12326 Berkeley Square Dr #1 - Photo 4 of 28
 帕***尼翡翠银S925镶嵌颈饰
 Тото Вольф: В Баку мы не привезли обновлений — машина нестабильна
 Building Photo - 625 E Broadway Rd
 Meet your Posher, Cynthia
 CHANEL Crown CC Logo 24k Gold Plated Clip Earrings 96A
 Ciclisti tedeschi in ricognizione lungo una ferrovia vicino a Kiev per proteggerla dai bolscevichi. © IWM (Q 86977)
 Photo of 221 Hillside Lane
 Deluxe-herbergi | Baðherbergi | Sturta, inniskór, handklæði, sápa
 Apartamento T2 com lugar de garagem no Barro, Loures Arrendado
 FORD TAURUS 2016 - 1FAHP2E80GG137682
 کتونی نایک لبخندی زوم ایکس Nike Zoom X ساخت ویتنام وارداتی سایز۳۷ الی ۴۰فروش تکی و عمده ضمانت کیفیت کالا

----

> **Work to complete**
Your task is to reproduce, exactly and exclusively, the lines from the one holding "Deluxe-herbergi | Baðherbergi" through the final line of the listing.

> **Task answer**
 Deluxe-herbergi | Baðherbergi | Sturta, inniskór, handklæði, sápa
 Apartamento T2 com lugar de garagem no Barro, Loures Arrendado
 FORD TAURUS 2016 - 1FAHP2E80GG137682
 کتونی نایک لبخندی زوم ایکس Nike Zoom X ساخت ویتنام وارداتی سایز۳۷ الی ۴۰فروش تکی و عمده ضمانت کیفیت کالا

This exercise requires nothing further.